The logic for cutting the costs of the recently revamped Ten news is clear enough. It is expensive and not rating sufficiently well. It has already had its slot rejigged.
The sports digital channel is receiving an embarrassing 1 per cent of audience share. As such, it is just a waste of spectrum.
Overall there was, and still is, plenty of room for improvement. Once the new shareholders took control, the first step of getting rid of the incumbent management was executed swiftly.
Step two was to replace it. This is where the strategy hit its first real snag. Ten chose the No. 3 whiz kid at Seven - a move that upset that network's owners, the largest of which was Kerry Stokes.
In the intertwined Australian media landscape the ramifications are potentially large.
In the first instance, Ten and Seven are in a partnership to bid for the free-to-air rights for the all-important NRL football coverage Second, Seven is the part-owner of Sky TV, along with Murdoch's BSkyB and Channel Nine.
The final ownership complication is that the pay television outfit Foxtel is 25 per cent owned by Consolidated Media, whose major shareholders are James Packer and Kerry Stokes.
Until Ten raided Seven's management there had been a degree of peace in the media sector, but Stokes is unhappy about the management grab by Ten, and how this plays out is anyone's guess.
Packer's resignation from the board of Ten does not seem to have achieved its aim of placating Stokes.
At the very least, these hurdles may hold up the Ten restoration. But they do not change the reality that this is a network in need of some operational changes.
Six years ago Ten was the envy of the media sector. It was masterful at running a low-cost operation - its mainstays were a few soapies, some cheap news and lots of reruns of popular programs such as
The Simpsons and
Seinfeld. It was run on the smell of an oily rag, was enormously popular with the younger demographic and made stellar returns.
But since then its cost base has gradually grown at a faster rate than its ratings or revenue. This got worse when the government introduced multichannelling, which allowed all the networks to run several channels - which they ultimately stuffed to the gunwales with US sitcoms and reruns.
These new digital channels such as Go and 7Mate and GEM looked like clones of Ten's prime network service without the news.
Ten's attempts to differentiate itself from the new digital channels has resulted in it spending more on programming.
On a cost-to-ratings ratio basis, Ten is now higher than Seven. Attempting to match Seven by spending more and hoping that ratings and advertising will follow is extremely risky.
Ten's revenue has held up pretty well to date, which suggests that the remedy for Ten, in the short term at least, is to attack its cost base.
It could also bring some money through the door by selling its outdoor advertising business, thereby reducing its interest bill and giving it some breathing space.
This is exactly why the new major shareholders in Ten see there is an opportunity to reverse the earnings slide by bringing in a sharp knife.
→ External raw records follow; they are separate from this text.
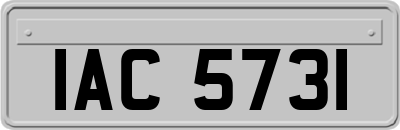 IAC5731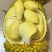 泰国金枕榴莲一手货源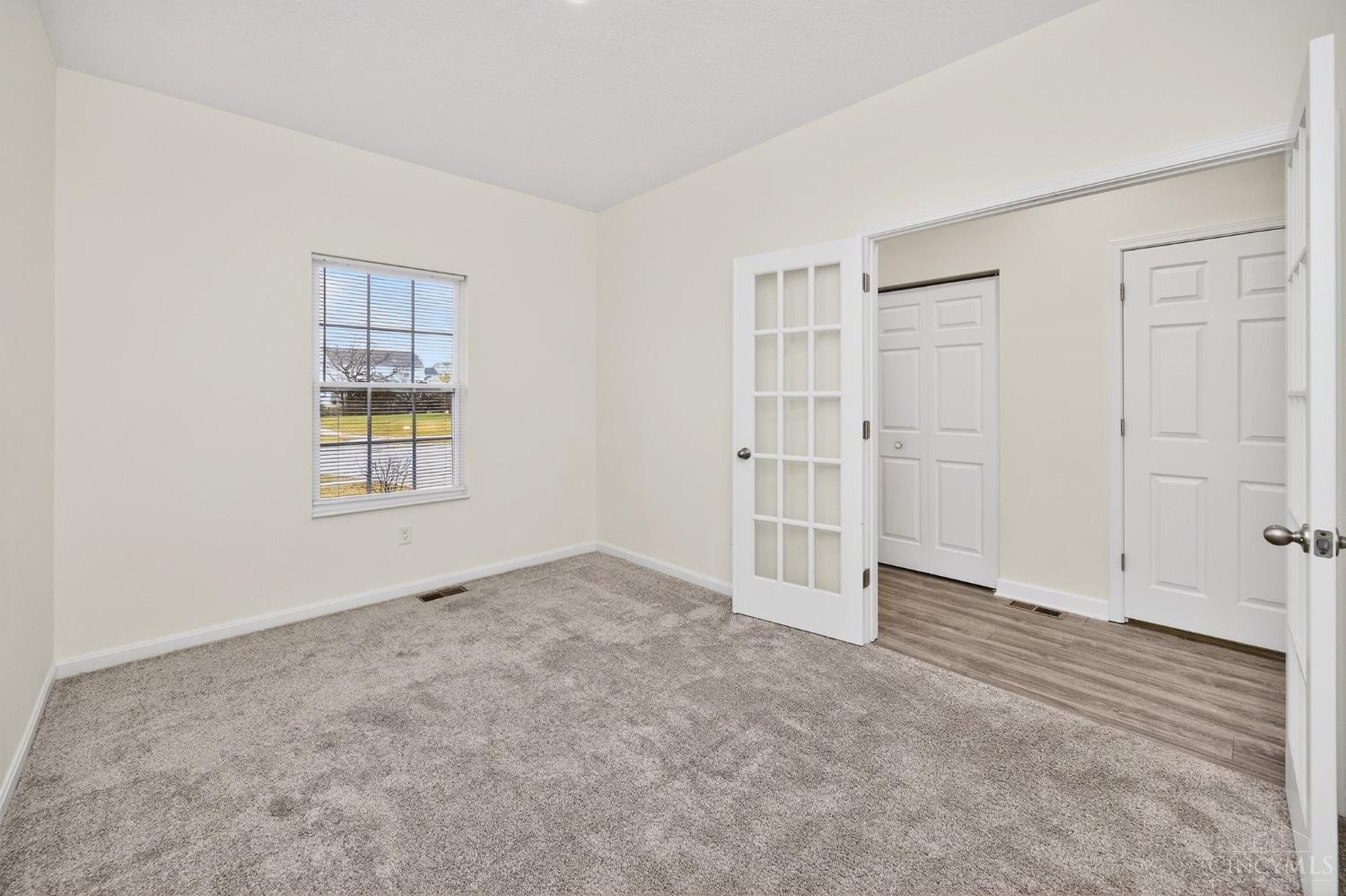 3048 Canvasback Court, Franklin Twp, OH, 45005 — photo 20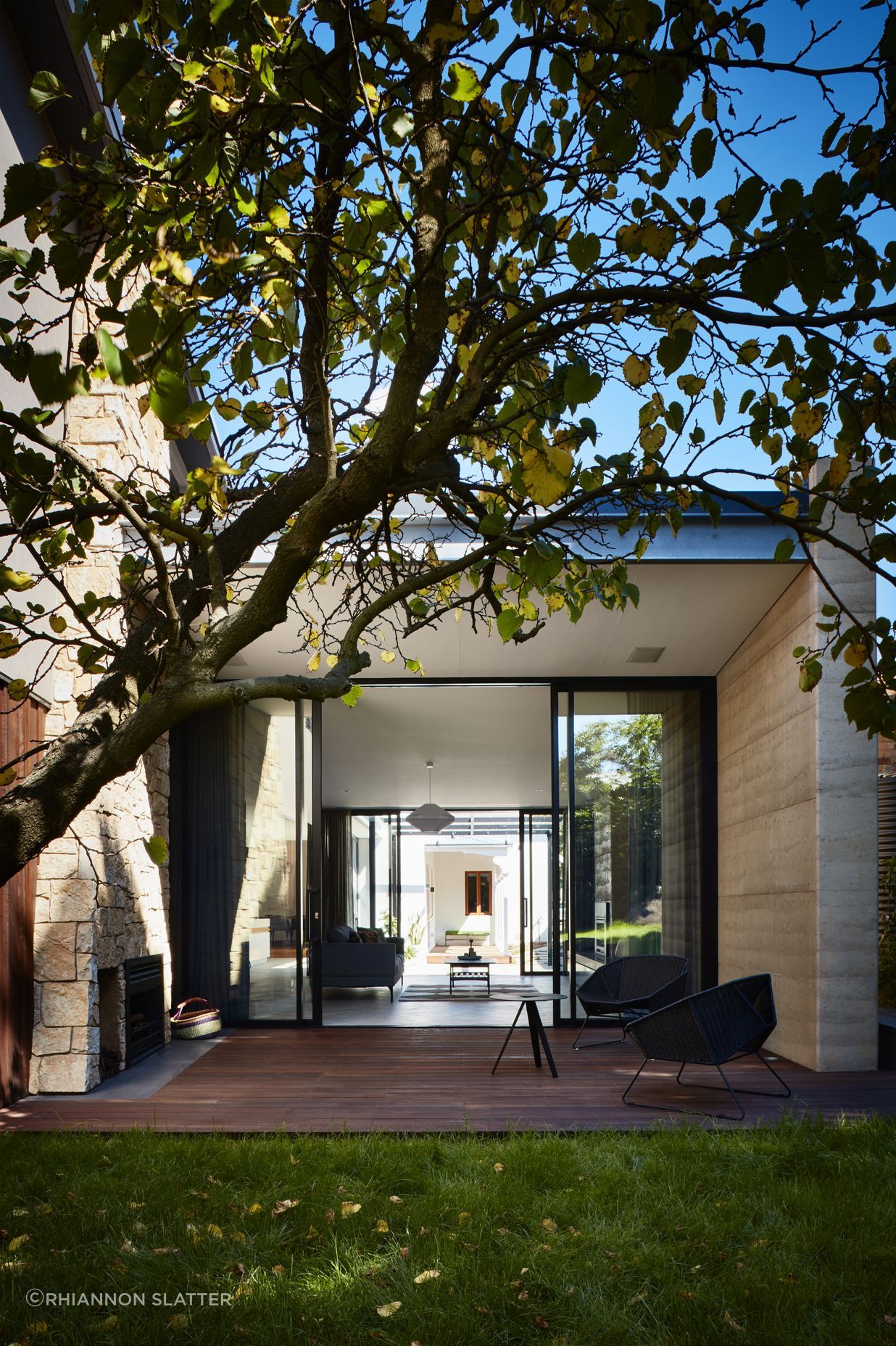 HillStHawthornResidence07-v5.jpg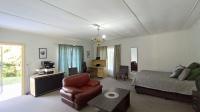 Flatlet - 57 square meters of property in Atholl Heights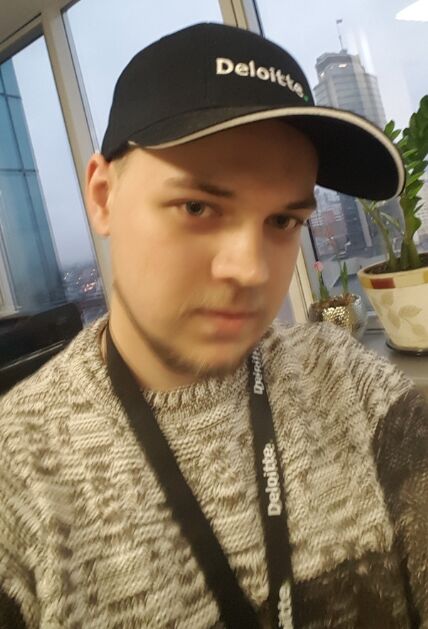 ���� 25906866 ����� ������, 23 ����, ���� ���������� � ������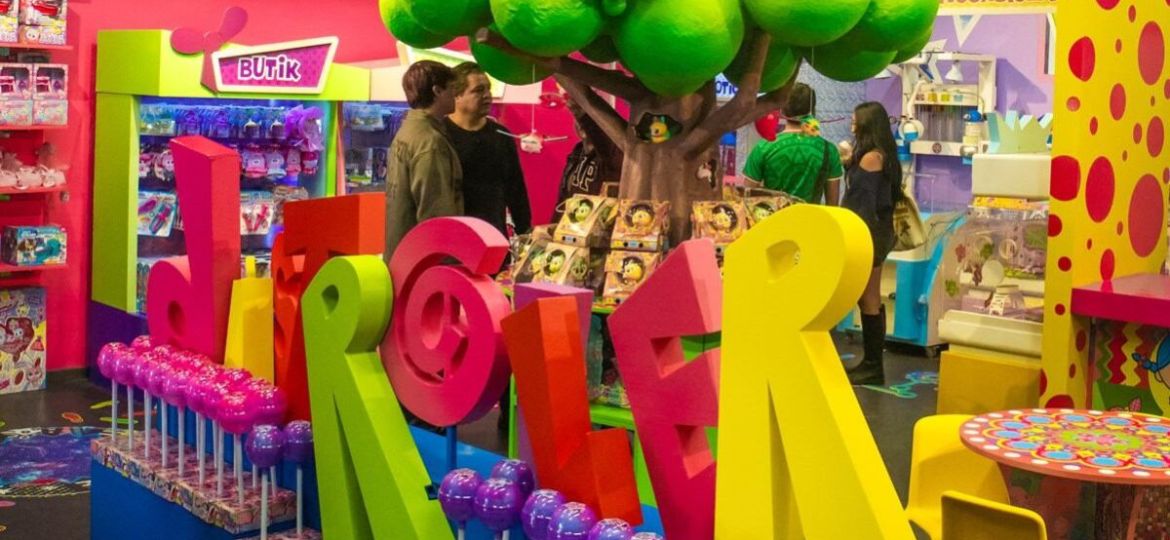 Nueva-Popop-de-Distroller-llega-a-Artz-Pedregal-en-CDMX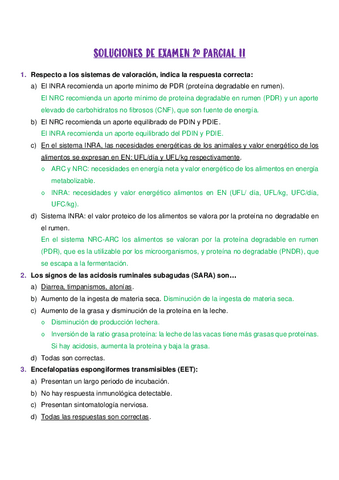 SOLUCIONES-DE-EXAMEN-2o-PARCIAL-II.pdf
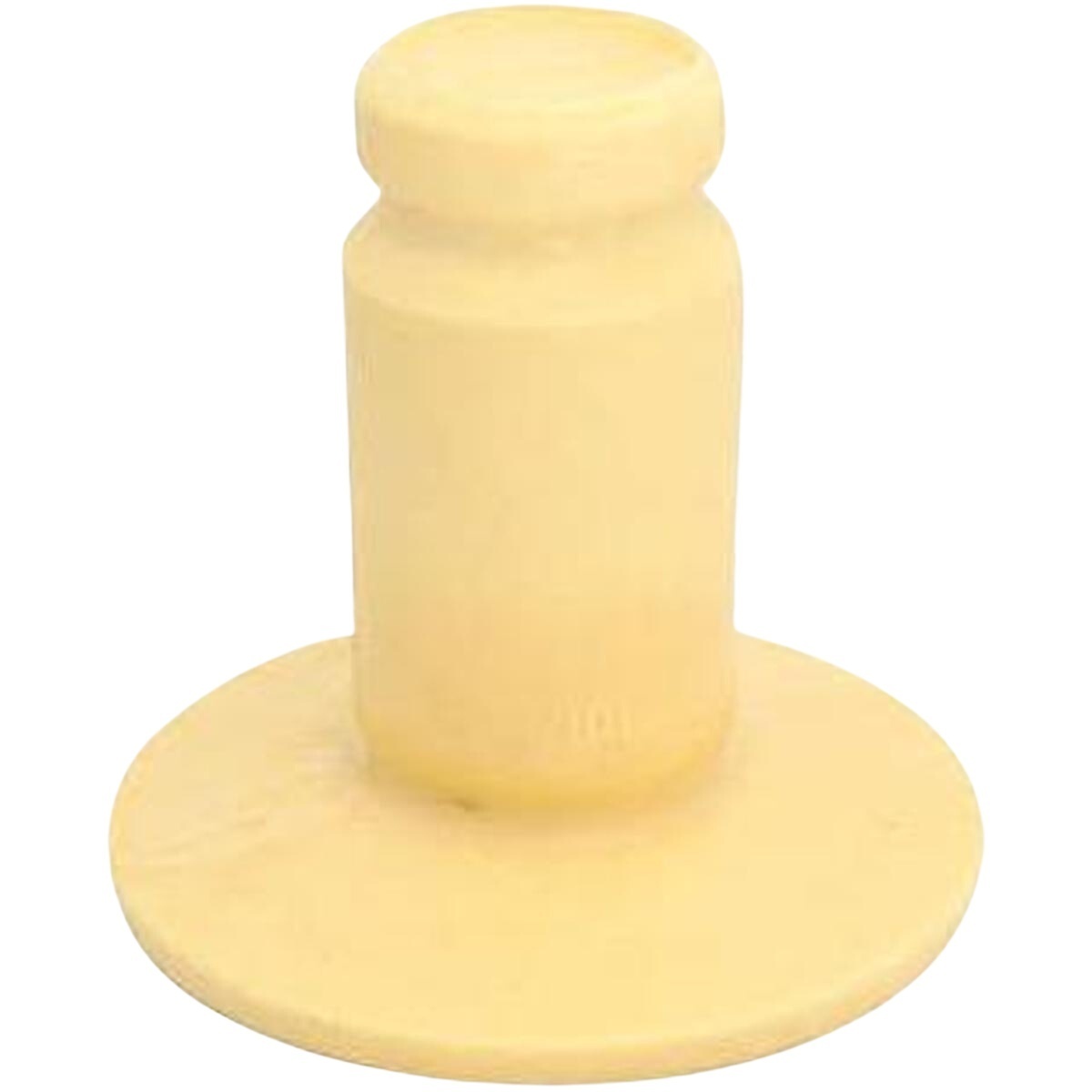Batente de Suspensão Traseira para Chevrolet Montana - Monroe Axios - LT90207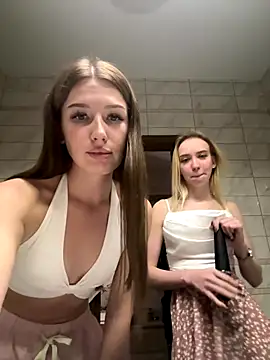 MelissaPinkiss's cam snapshot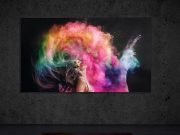 Những đánh giá từ các chuyên gia với thế hệ TV Samsung 2023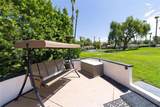 45525 Highway 79 Site 103 - Photo 12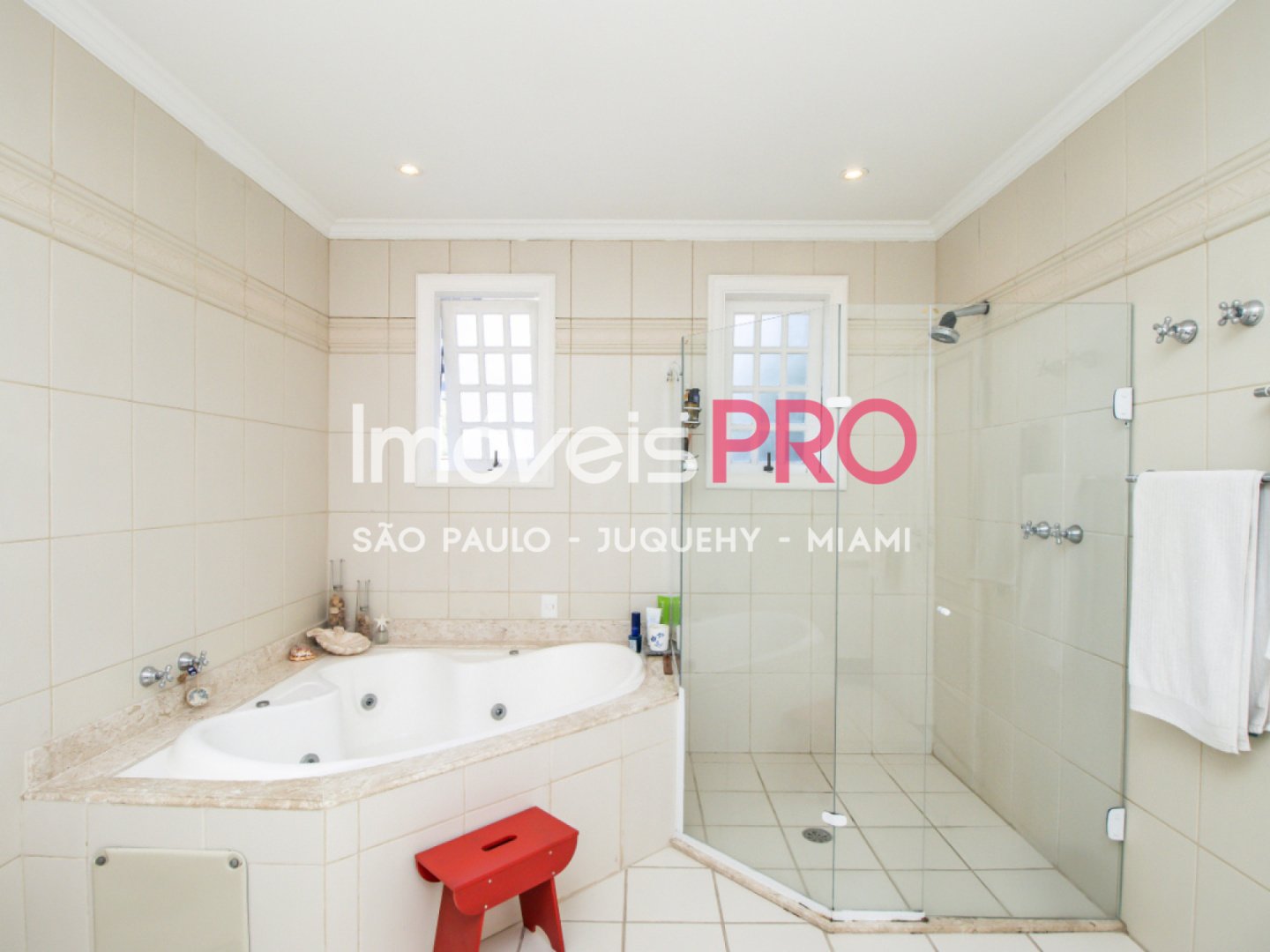 Foto :: IP39523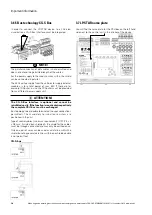 Предварительный просмотр 18 страницы Eaton CEAG LP-STAR Mounting And Operating Instructions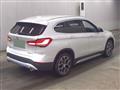 2022 BMW BMW Others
What would hamper this new strategy is any disagreements between the major shareholders on the direction Ten could take.
There have been suggestions this week that Gina Rinehart is a strong supporter of a new current affairs pilot program anchored by the ultra-conservative journalist Andrew Bolt, whose opinions are in line with that of the high priestess of iron ore.
Apart from making money on the Ten turnaround, Packer will also be interested in the carve-up of sports rights, which could also form part of Lachlan Murdoch's thinking. Murdoch is a director of his father's News Corporation, which, along with Packer's Consolidated Media, owns Fox Sports - which bids against the free-to-air networks for various sporting rights. Taking One HD out of the game would work.
For the players that have taken a punt on Ten, the holy grail is easy to see, but the path to it could be rocky.